No encontro com o rio a maré enche. Três pescadores solitários, com água na cintura, arrastam uma rede por onde as ondas engordam marolas.

Arte: Talita Guimarães
Na contraluz da manhã parcialmente nublada a cena é pintura. Imagino em aquarela, com traços delicados.
Meu ônibus desacelera dando-me tempo de melhor observá-los em sua lida diária com o rio-mar. E então me ocorre que a beleza que enxergo cá não é espelho do que talvez eles vejam e sintam de lá, donos de mistérios de quem labuta no mar.
Agora parado, meu ônibus espera o sinal abrir.
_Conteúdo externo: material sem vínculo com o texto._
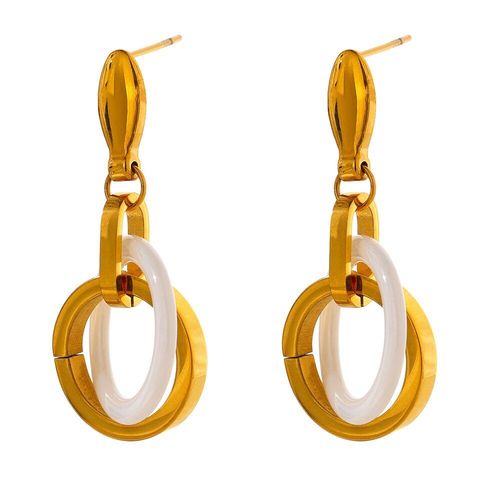 Boucles D'oreilles Rondes En Céramique, En Acier Inoxydable De Haute Qualité, 18 K, Cadeau Idéal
Prolongo o derramamento do meu olhar sob os pescadores como quem tenta se lançar ao mar para alcança-los onde o avesso da beleza distante é o suor do labor impregnado na pele.
A aquarela se abre em três dimensões. E a beleza, outrora projeção de um superficial encanto, se estilhaça em mil caquinhos para renascer enquanto mosaico da vida real, abrigo de nuances que somente olhares múltiplos podem captar em sua – aí sim – infinita e profunda beleza.
Porque a romantização das lutas alheias me incomoda, rapidamente repenso meu olhar sobre os três pescadores em ação. Enquanto empenham todas as suas forças naquela rede que flutua ao sabor do mar, na esperança do sustento incerto, não me parece justo que lhe derramemos olhares de poesia romanesca cá da terra firme. Não é só de um belo quadro real que estamos diante, mas de um retrato cotidiano de bravura e dignidade.
É preciso mais que sentimentalismo para fazer pulsar o poema. Assim como é preciso mais afeto para fazer sentir a vida. Porque a beleza de contemplar está nas lições que as paisagens mais completas, pintadas também com sangue, suor e sal, nos ensinam a admirar. E nos inspiram a transformar.
O sinal esverdeia. O ônibus acelera. Os bravos pescadores saem do meu campo de vista.
Na imaginária rede que arrasto, muito mais que uma belíssima imagem fisgada para alimentar de força e inspiração o meu dia.